Di ritorno
Divano.
Stitch appiccicato accanto, dopo la fase di accoglienza offesa.
Valigia disfatta, umore non elevatissimo, con quella gran dose di malinconia che accompagna qualunque ritorno, soprattutto dopo uno stacco tanto atteso.
Il mondo che, mentre eri via, ha continuato a procedere e ora vorrebbe riprendessi il ritmo senza colpo ferire, che è come dire saltare su un’auto in movimento mentre sei sceso per farti una pennichella.
A maggior ragione, quindi, risulta necessario aggrapparsi a ciò che, in ogni viaggio, finisci per portarti con te al ritorno: vederlo, riconoscerlo, farlo proprio.
Così mi porto dietro la sveglia alle 4.30 per prendere un volo poche ore dopo, il sonno, la lettura, l’attendere l’arrivo di Miss Sauron a Londra, alla consegna bagagli.
Mi porto dietro Earl’s Court, la sua fermata step-free, il suo Tardis e tutta la zona di South Kensington.
Mi porto dietro gli onion rings di GBK e l’hamburger vegetariano troppo speziato, la mostra di Georgia O’Keefer alla Tate Modern e quella sui preraffaeliti alla Tate Britain, la pizza in Gloucester Road.
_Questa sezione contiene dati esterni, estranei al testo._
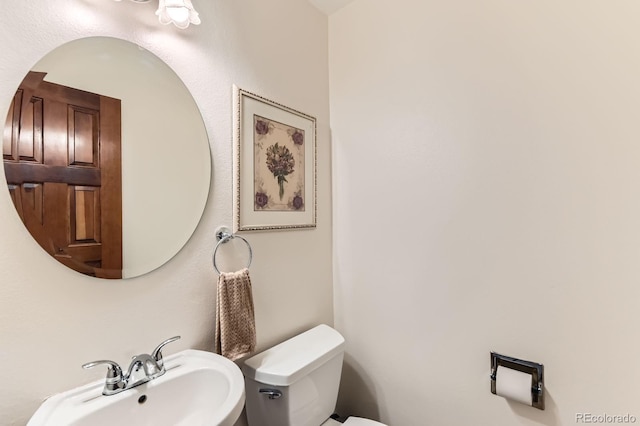 6351 S Andes Pl, Centennial, CO 80016 - bathroom with toilet and a sink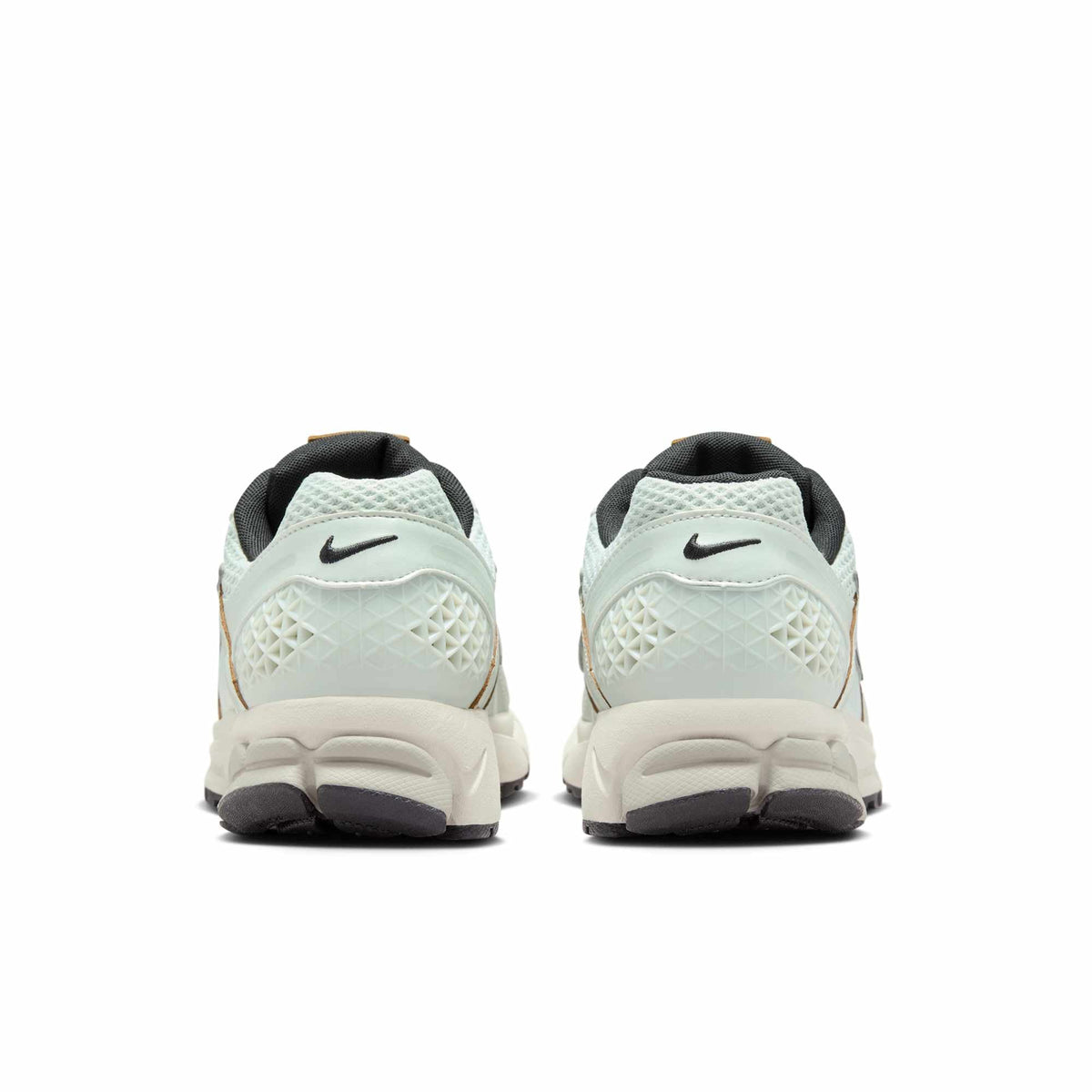 Nike Women's Zoom Vomero 5 Sneakers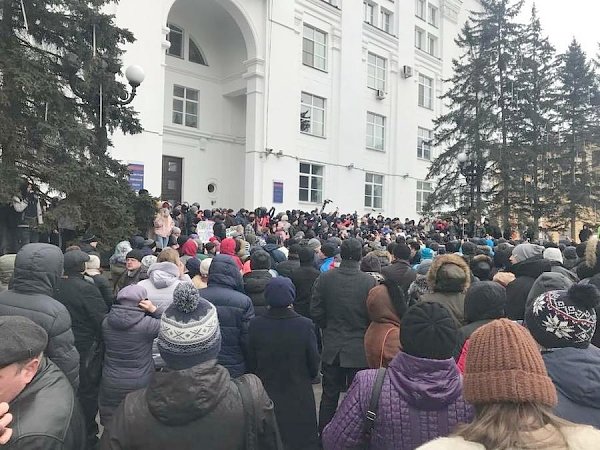 Многотысячный митинг в Кемерово потребовал отставки губернатора Тулеева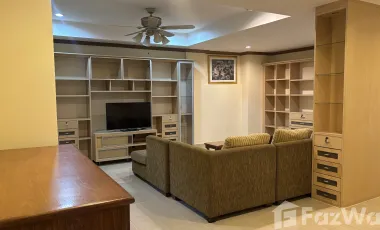 À louer 3 chambres appartement à Watthana, Bangkok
Mi porto dietro l’ennesima convention all’Excell, la troppa gente ai panel, i miliardi di gadget di Star Wars, i tanti cosplayer, i props originali, i tatuatori specializzai, gli artisti, il bere qualcosa su una barca sul Tamigi, il godersi la brezza, fotografare il Big Ben.
E ancora l’arrivare troppo presto alla Britain, le colazioni da Costa, la cameriera di Ottolenghi col ragazzo brindisino che vive a Bologna, i giri per negozi, il mal di piedi, il caldo, le chiacchiere con Ercole e Ian.
E poi Kensington Palace, il quartiere di Kensington, la delusione di un locale in Neal’s Yard, il giretto da Forbidden anche se imprevisto, la cena da Comptoir, il bar del Soho Theatre, le risate per Jen Kirkman, l’autografo, il tornare a casa contenti.
E tornare a Heathrow, un cambio di valigia, le partenze a distanza di 20 minuti, il tornare in due aeroporti diversi.
Mi porto dietro quella ricchezza che solo una città che hai nel cuore può donarti e la nostalgia che si prova solo dopo essere stati bene.
Dura poco, sempre troppo poco, soprattutto ora, ma è prezioso e va bene così.
E adesso torniamo in battaglia, che le pause servono a questo.